The former boss of Wirecard, the German payments firm where almost €2bn has gone missing, has been released on bail by the police.
Markus Braun (pictured) posted €5m set by a Munich court and walked free one day after turning himself in on Monday evening and being arrested by police, his lawyer Alfred Dierlamm told Reuters.
However, the warrant against the 50-year-old Austrian has not been lifted, he remains under investigation by prosecutors who suspect him of misrepresenting Wirecard’s accounts and falsifying income.
Braun (pictured) had resigned as chief executive of Wirecard on Friday and was replaced by James Freis, who joined from Deutsche Börse the day before.
Wirecard has hired investment bank US Houlihan Lokey to raise finance ahead of the end of June, when it is due to seek fresh capital from its banks.
The fintech is battling an accounting crisis that has put its survival at stake.

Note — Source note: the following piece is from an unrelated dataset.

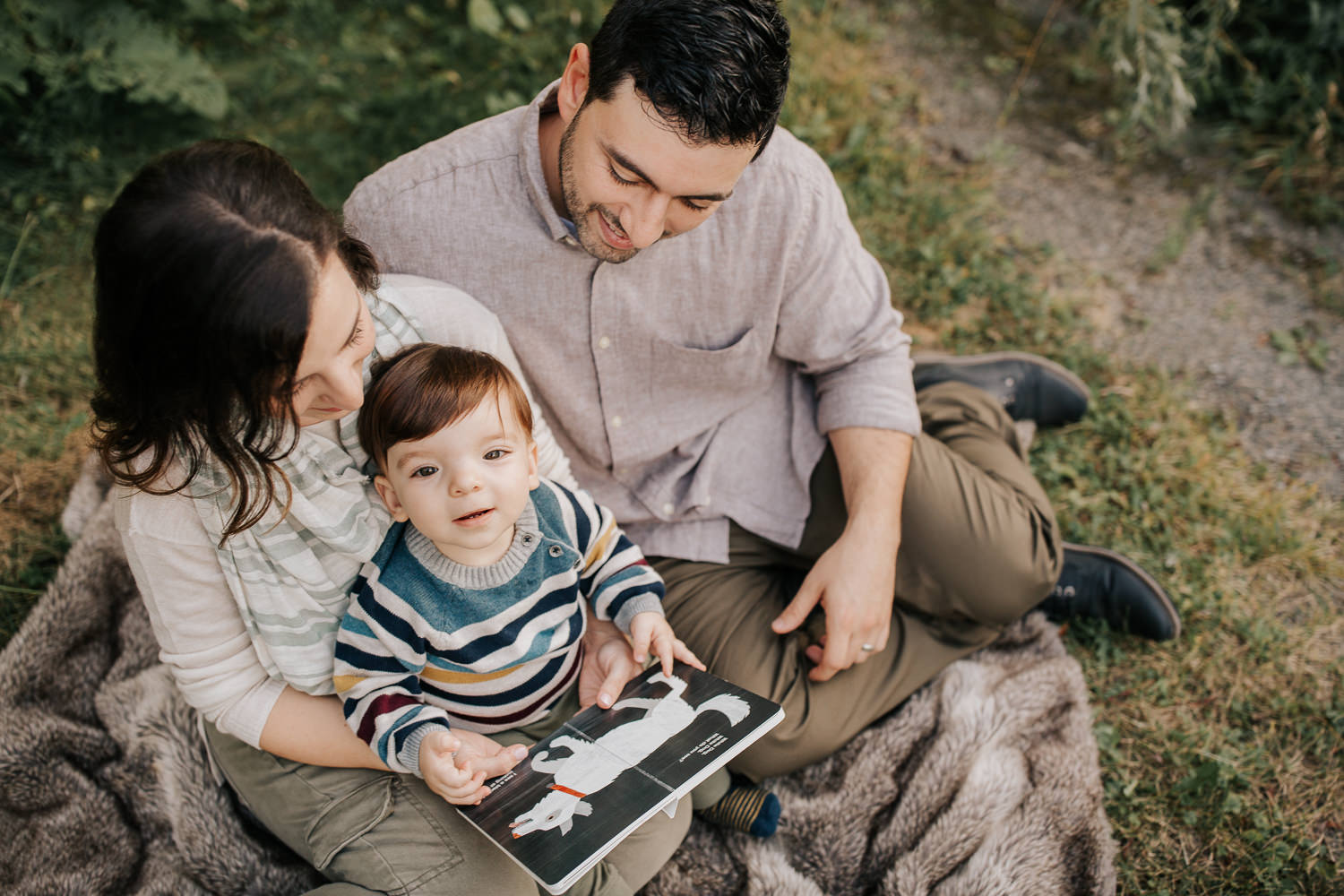 family of 3 sitting on fur blanket under willow tree at sunset, 1 year old baby boy sitting on mom's lap, looking up at camera, dad next to them smiling down at son - GTA Lifestyle Photography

Ernst & Young, Wirecard’s auditors refused to sign off on its 2019 accounts after they could not find a missing €1.9bn in its accounts. The firm finally admitted on Monday that the money probably does not exist.

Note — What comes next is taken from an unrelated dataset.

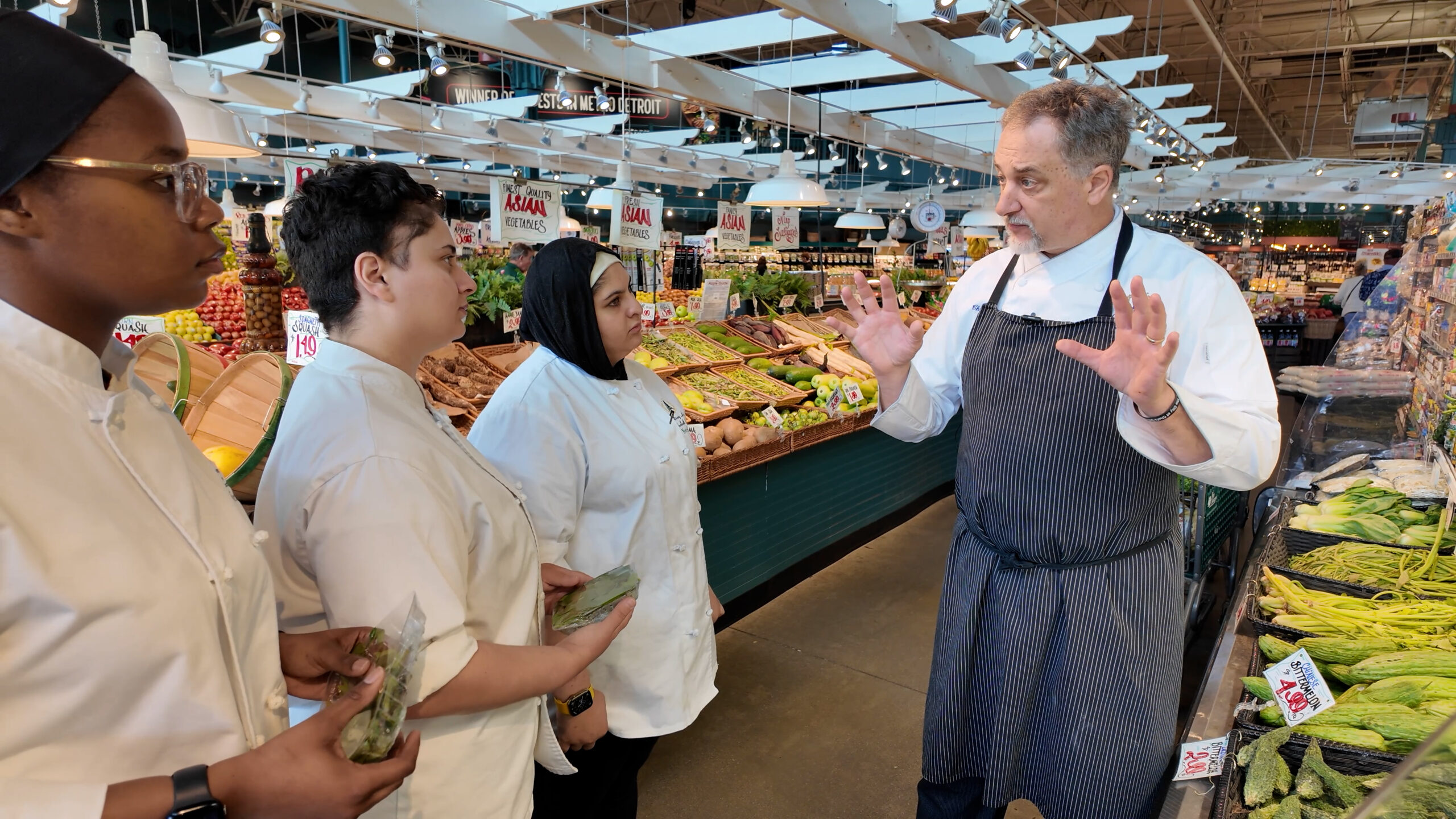Chef Chris Misiak, CEC, speaks to students at one of Nino Salvaggio’s markets.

Prosecutors allege that Braun inflated company sales “possibly in collaboration with further perpetrators” with an aim to “portray the company as financially stronger and more attractive for investors and clients.

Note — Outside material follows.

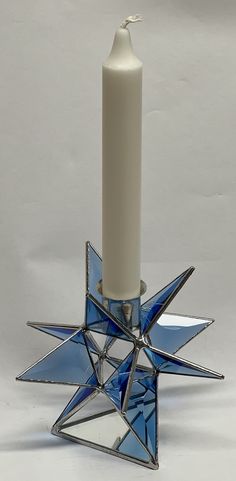 a candle holder with a blue star on it and a white candle in the middle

Wirecard, a former champion of Germany’s tech sector, has seen its shares fall 85% this year to €15.50 in Wednesday morning trading.
The firm has been fighting whistleblower allegations of accounting fraud for more than 18 months. A forensic audit by KPMG, which Wirecard’s supervisory board commissioned after the Financial Times made a series of allegations about how it documented sales, failed to allay concerns when its findings were published in April.